**** PROVIDED DATA

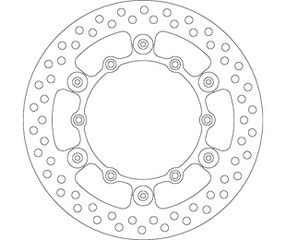 Δισκόπλακα SBS/5085 250X118X3,0X6X6,5 Εμπρ. YZ250F 01-15,YZ125 02-17,WR450F 03-15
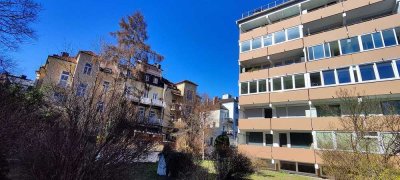 Urbanes Neuhausen: Helle 2-Zimmer-Whg. mit Süd-Loggia. Kapitalanlage (WG-Potenzial) od. Eigennutzung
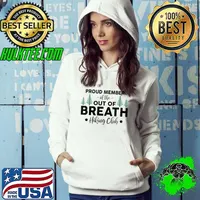Mountain Hiker Proud Member Of Out Of Breath Hiking Club T-Shirt Hoodie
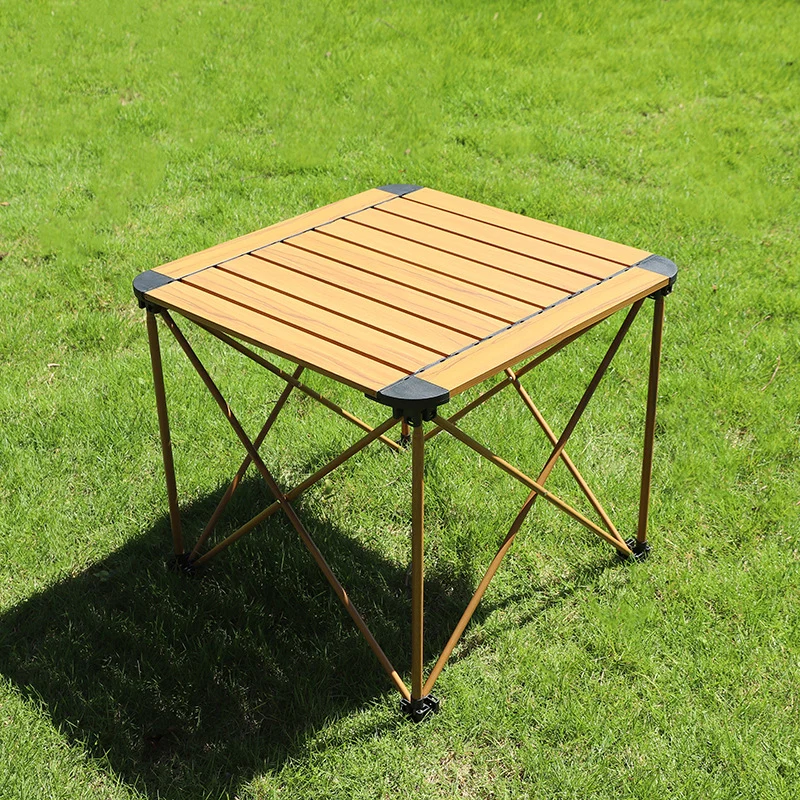Modern Simplicity Square Rectangle Aluminum Iron Outdoor Foldable Camping Coffee Table 1-Tier For Garden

********

• _ABOUT THIS TASK_
A verbatim copy is needed of the lines running from the line with "Mountain Hiker Proud" to the end of the data above, both included. Keep the pictures out of it.

• _SOLVED PROBLEM_
Mountain Hiker Proud Member Of Out Of Breath Hiking Club T-Shirt Hoodie
Modern Simplicity Square Rectangle Aluminum Iron Outdoor Foldable Camping Coffee Table 1-Tier For Garden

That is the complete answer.